本教材は,信号ブロックのボタンを直接押して制御するボタンモードと,プログラミングで信号ブロックを制御するプログラミングモードの2種類がある.まず児童はボタンモードでどのような制御をすればいいのかプログラム考え,次にプログラミングモードで信号ブロックをプログラミングする.車をスムーズに走行させるため,渋滞や事故が起こらないように繰り返し信号機をプログラミングするという遊び方である.

ボタンモードとは,信号ブロックのボタンを直接押して制御するモードである.児童は任意の数の信号ブロックとマップ表示モニタを用いる.はじめに児童はマップ表示モニタ上の道路の交差点に信号ブロックを置き,信号ブロックのボタンを直接押して手動で電球を点灯させる.その信号機の電球の色に従って画面上の車が動く.
プログラミングモードとは,プログラミングで信号ブロックを制御するモードである.児童は任意の数の信号ブロックとプログラミングタブレット,マップ表示モニタを用いる.はじめに児童はプログラミングタブレットで信号ブロックをプログラミングし,次に信号ブロックをマップ表示モニタの道路の交差点に置く.児童がマップ表示モニタで「スタート」ボタンを押すと信号ブロックが光り出し,車が走ったり停止したりする.渋滞や事故が起こると,マップ表示モニタの画面左上のライフが減る.残り時間が0になるまでライフを減らさないように,繰り返し遊ぶ.

まとめ

本研究ではプログラミング教育のねらいを達成できる,信号機を題材とした教材の開発を行った.新たに数直線タイプのビジュアルプログラミング言語を考案し,タンジブルなインタフェースである信号ブロックを用いた,プログラミング的思考を学ぶことを支援する教材を開発した.今後の展望は,実際の教育現場での利用を目指すことである.児童が小学校で本教材を活用することで,プログラミング教育のねらいを達成できることが望まれる.

参考文献

[1] 文部科学省. 小学校プログラミング教育の手引(第三版). https://www.mext.go.jp/content/20200218-mxt_jogai02-100003171_002.pdf.
[2] Mitchel Resnick et al.

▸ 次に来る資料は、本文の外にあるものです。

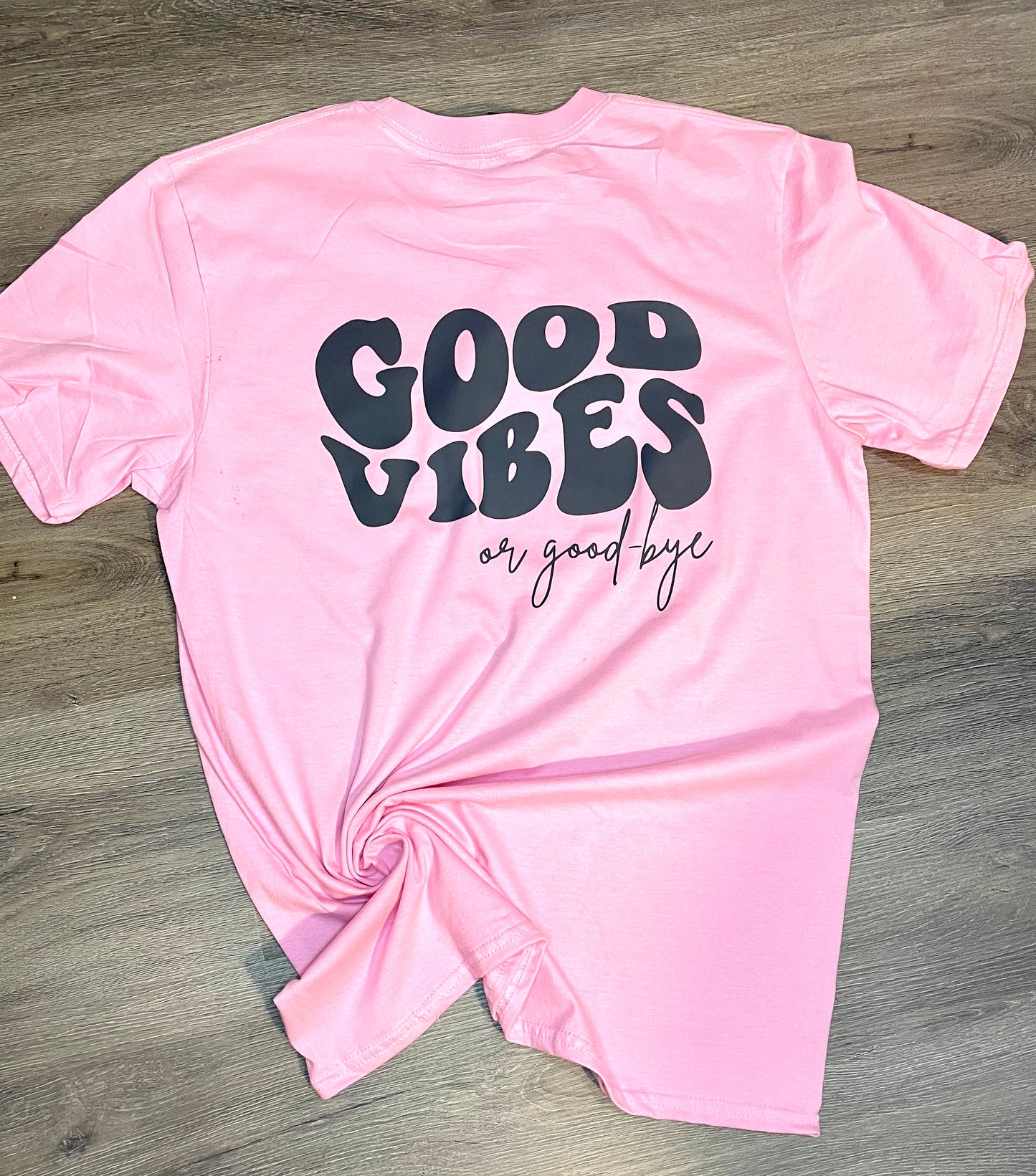 Good vibes or good bye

Scratch: Programming for all.Communications of the ACM, Vol. 52, No. 11, pp. 60–67,2009.
[3] e craft. embot. https://www.embot.jp/.
[4] 間辺広樹ら. 小学生向けプログラミング学習教材「まなべー」の開発と教育効果. 情報処理学会研究報告, Vol.2015-CE-131, No. 6, pp. 1–8, 2015.
[5] 小原楓ら. 操作カードによるプログラミング体験システムの開発と評価. 情報処理学会研究報告, Vol. 2016-CE-133, No. 1, pp. 1–8, 2016.
[6] 石井裕. 仮想と現実の融合:3. タンジブル・ビット-情報と物理世界を融合する,新しいユーザ・インタフェース・デザイン-. 情報処理, Vol. 43, No. 3, pp. 222–229,2016.